What you don't know about Obama's amnesty plan

Newt Gingrich, writing for CNN:

But the policy the White House actually announced, as opposed to the policy the President described in his speech, was not merely a directive to emphasize enforcement against those who have committed crimes, or even a simple pause on deportations for millions of Americans here illegally. The policy the White House actually announced, in a memo from its Office of Legislative Affairs hours before the President's speech, was a 17-point plan including several new programs without congressional approval, budget appropriation or spending authorization, and many of which the President either didn't mention or which bore only a faint resemblance to what he described in his speech.

The President, according to the White House, has directed the Department of Homeland Security to "create" a "new deferred action program" that will give millions of people here illegally "work authorizations" for at least three years. It establishes extensive new criteria by which people can register to be exempt from deportation. DHS will likely have to employ thousands of bureaucrats to process those who "come forward and register, submit biometric data, pass background checks, pay fees, and show that their child was born before the date of this announcement." Applicants supposedly will also have to prove they have been in the United States for at least five years and will have to pay taxes.
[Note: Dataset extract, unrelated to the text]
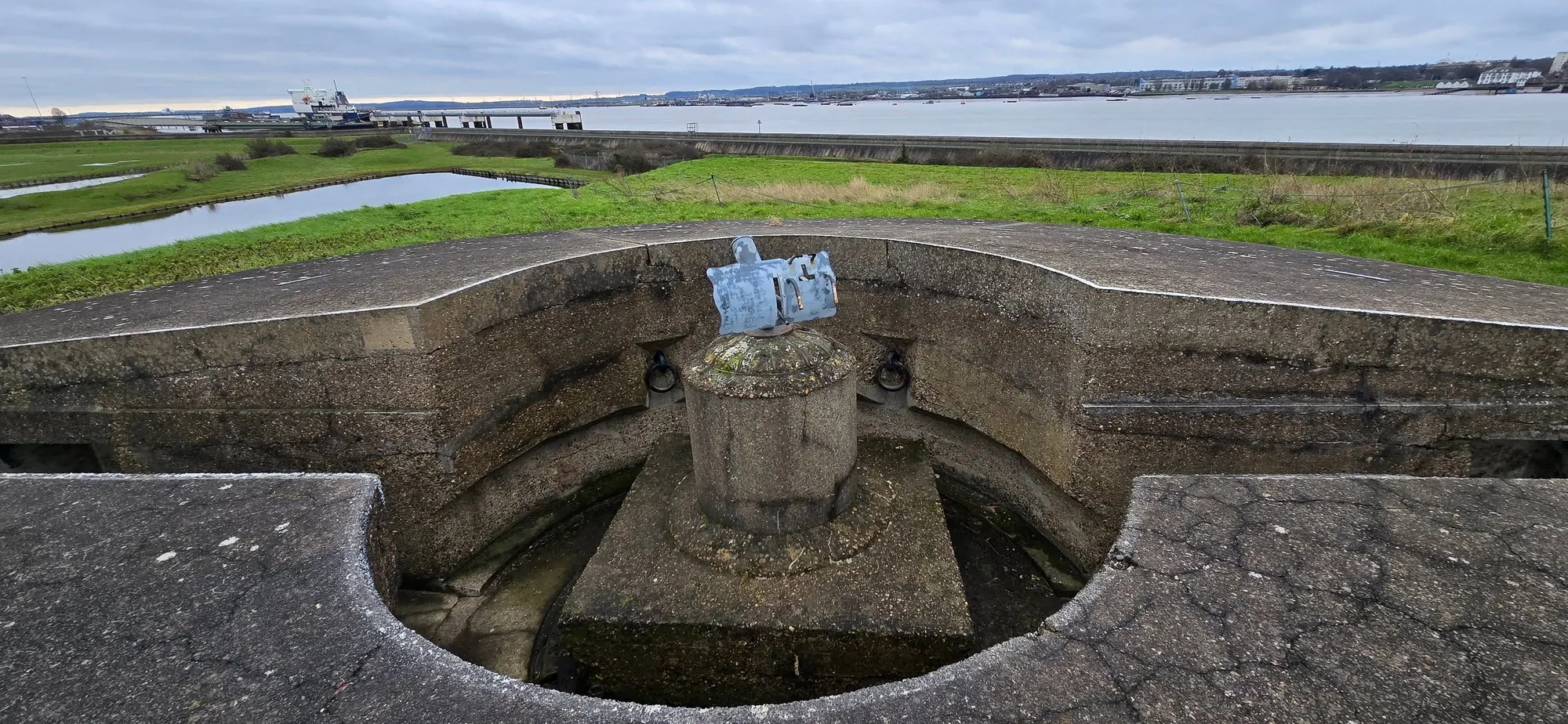 Tilbury Fort 15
Well, a brand new program that hands out three-year work authorizations and processes more paperwork than many state Departments of Motor Vehicles is not merely saying, as the President put it in his speech, that "we're not going to deport you," and it is certainly not simple "prioritization" or "prosecutorial discretion," as many administration officials have been calling it before and after the announcement.

It is new law, created by the executive without constitutional authority.

The President said in his speech that the new program will allow people here illegally to "come out of the shadows and get right with the law." Meanwhile administration officials explained on the record that he wasn't really legalizing anyone, since he couldn't technically do that.

The President also said in his speech that his actions would offer relief only to people who met certain criteria he described, including having child dependents in the United States. But the actual policy memo makes clear that "DHS will direct all of its enforcement resources at pursuing" people who are "national security threats, serious criminals, and recent border crossers."

You knew there had to be more to the plan than what the president announced in a 10 minute speech. But if what Gingrich is saying is true, it's a remarkably brazen effort by the president to obfuscate exactly what his amnesty plan will do.

This is an overly broad interpretation of "prosecutorial discretion" by only going after "terrorists, serious criminals, and recent border crossers" while leaving everyone else - all 11 million illegals - alone. It's like Obama has overturned much of immigration enforcement law by a wave of his pen.In this sense, it's a true amnesty plan.

The GOP Congress will do what they can to prevent much of the plan from going into affect. They will defund agencies that will be implementing the plan - at least that part of their budget that would used for that purpose.

But Obama has access to funds that only he controls and it's likely he will use his discretionary powers to fund amnesty anyway.